Abstract

SUMMARY In most directions of propagation in anisotropic solids, seismic shear waves split in regular and predictable ways that, in principle, can be directly related to the degree of anisotropy and the anisotropic symmetry of the rockmass. In all anisotropic solids, however, there are directions of propagation, known as shear-wave singularities, where the split shear-waves have the same phase-velocities. For directions of propagation near the commonest type of singularity, the point singularity, the relationship between the phase and group-velocities may undergo rapid variations for small changes in direction. This results in shear-waves along rays (propagating at the grozq-velocity) behaving anomalously, with irregular polarizations and amplitude changes as if they were propagating near cusps, although the degree of anisotropy may be too small to cause conventional cusps on the group-velocity wave surfaces. The effects of propagation near such point singularities have been identified in sedimentary basins where they are features of the well-established phenomenon of azimuthal isotropy (transverse isotropy with a vertical axis of symmetry) caused by horizontal lithology, or by fine layering (PTL anisotropy), combining with the more recently recognized azimuthal anisotropy, caused by distributions of near-parallel near-vertical fluid-filled inclusions (EDA anisotropy).

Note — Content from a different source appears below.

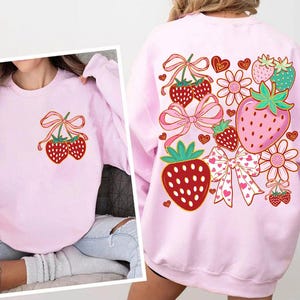 Könnte beinhalten: Rosafarbener Pullover mit einem Grafikdruck von Erdbeeren, Schleifen und Herzen. Die Erdbeeren sind rot mit weißen Kernen und grünen Blättern. Die Schleifen sind rosa mit weißen Punkten. Die Herzen sind rosa.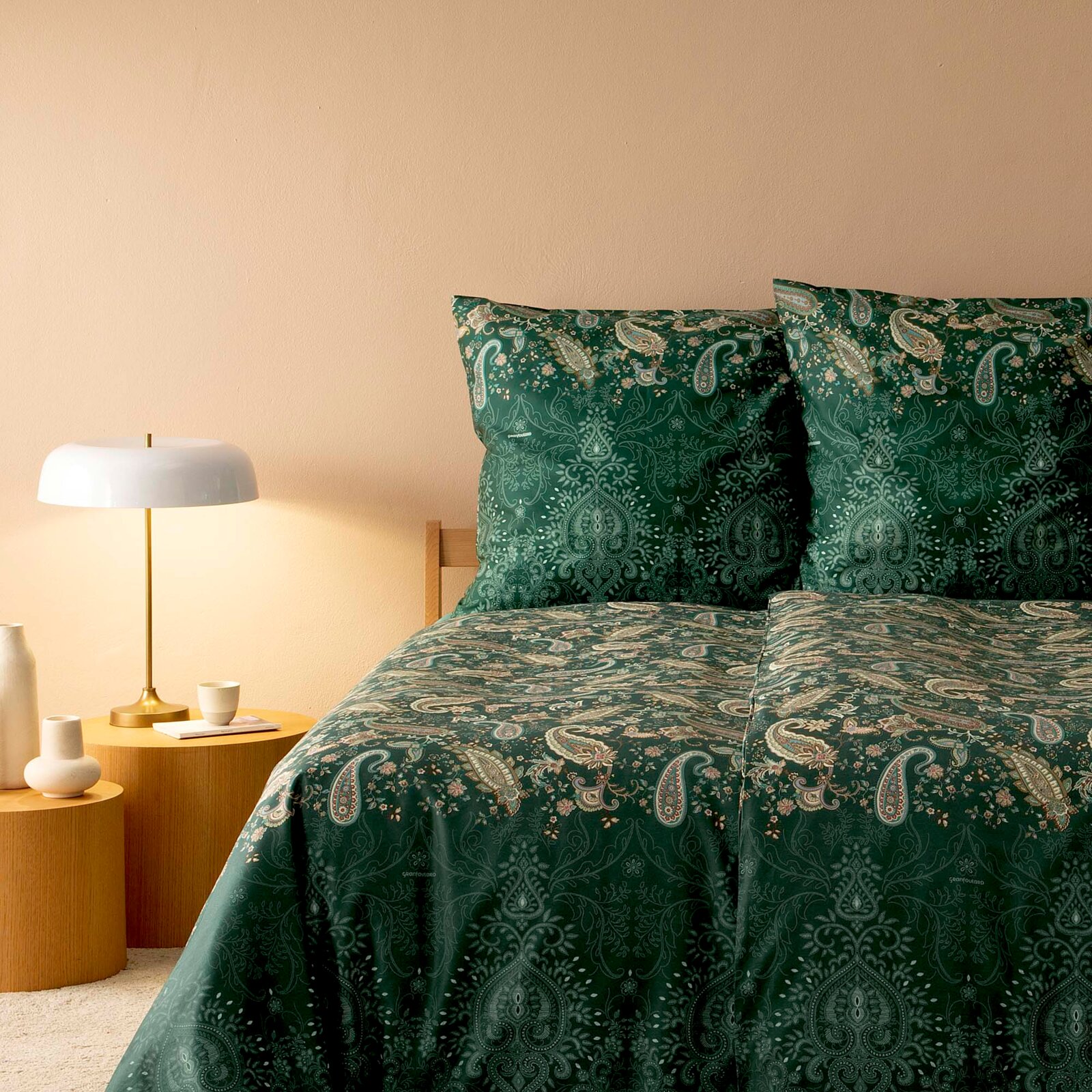 Bettwäsche-Set in elegantem Paisley-Muster in Grün- und Beigetönen, auf einem Bett mit zwei Kissen und einer Decke, seitliche Perspektive mit Nachttisch und Lampe.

This paper demonstrates these irregular effects by calculating synthetic shear waves in directions near a point singularity in a material simulating a possible sedimentary basin. Such anomalies may be important in exploration seismology as point singularities can occur along nearly vertical ray paths in sedimentary basins. If not identified correctly, the effects of such point singularities could be mistakenly attributed to structural irregularities, and if correctly identified, the directions of such singularities can place tight constraints on possible combinations of PTL and EDA anisotropy in sedimentary basins.